Just got a note from Eircom advising that my office broadband connection has been upgraded to Next Gen broadband for free.  The card says that this gets me "up to 8MB".  

Doing a quick online test, I get 4.73 MBps download speed and a rather measly-sounding 407 KBps upload speed.  

Reading through other threads on this topic, I see that various factors can affect speed.  So here's some information that might be relevant: 


PC is connected to the router box directly by cable.  Router also supports wi-fi but no other wi-fi devices were in use at the time of the test.
Only other device connected to the line is the office fax machine, which wasn't in use then either.
Am I right in assuming that contention ratios aren't supposed to matter with Next Gen broadband?
I'm curious to know what other factors might be causing me to get less than the advertised 8MBps.  I'm also wondering is it normal that upload speed should be so much lower than download, like 10% or so.  

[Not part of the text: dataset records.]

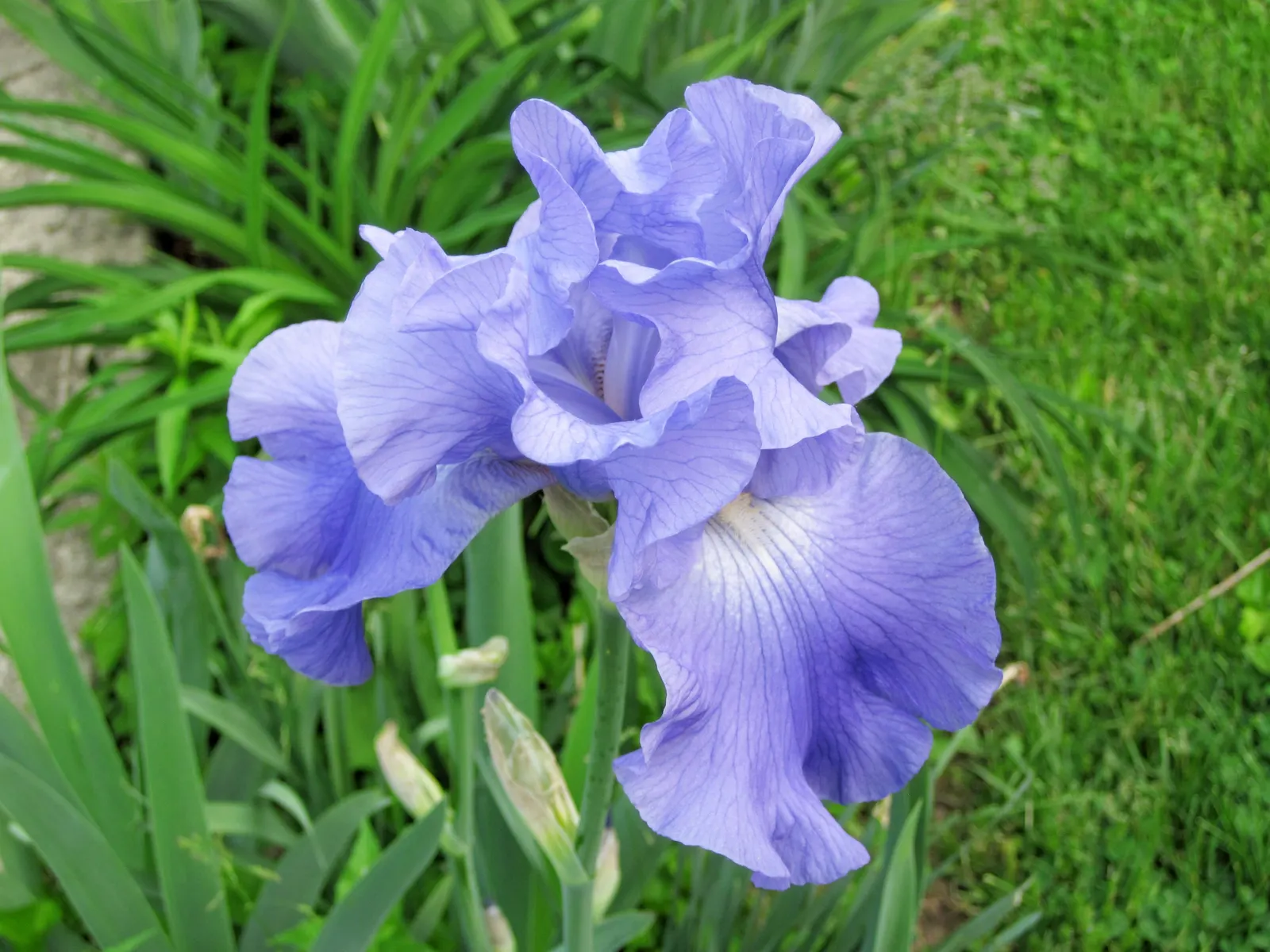 Bearded Iris (Iris X Germanica Hybrids) — yellow flowers in the garden; blooming in late spring, they provide a stunning focal point, image 136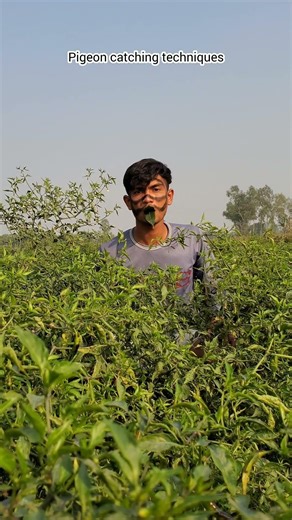 Pigeon catching techniques #shorts #trap #birds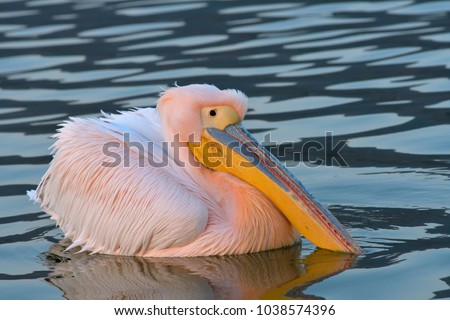 White Pelican (Pelecanus onocrotalus) on Watwr, in Summer Royalty-Free Stock Photo #1038574396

Any enlightenment welcome.


----------



## jpd (18 Mar 2011)

Upload speeds are generally much lower then download speeds (ADSL = Asynchronous Digital Subscriber Link) so yes your upload speed is in line with industry norm.

The actual speed will depend on quality of the line and distance from the exchange.


----------



## Frank (18 Mar 2011)

Eircom speeds look very poor when compared to UPC.

It is possible to get 100MB from UPC at home.


----------



## joer (25 Mar 2011)

Yes DL the distance from Exchange will have a bearing on your speed.

Also it might be worth testing the speed with your Fax plugged out,and anything that is plugged into any Phone socket, that is not filtered, 
another phone or Sky digital .

Try that.


----------



## silvermints (25 Mar 2011)

Slightly off topic but note that if you've been upgraded to next generation broadband with eircom they will now charge 2 euro for every gig you go over your download allowance.


----------



## Guest125 (4 Apr 2011)

silvermints said:


> Slightly off topic but note that if you've been upgraded to next generation broadband with eircom they will now charge 2 euro for every gig you go over your download allowance.


+1 That's why I'm with vodafone now


----------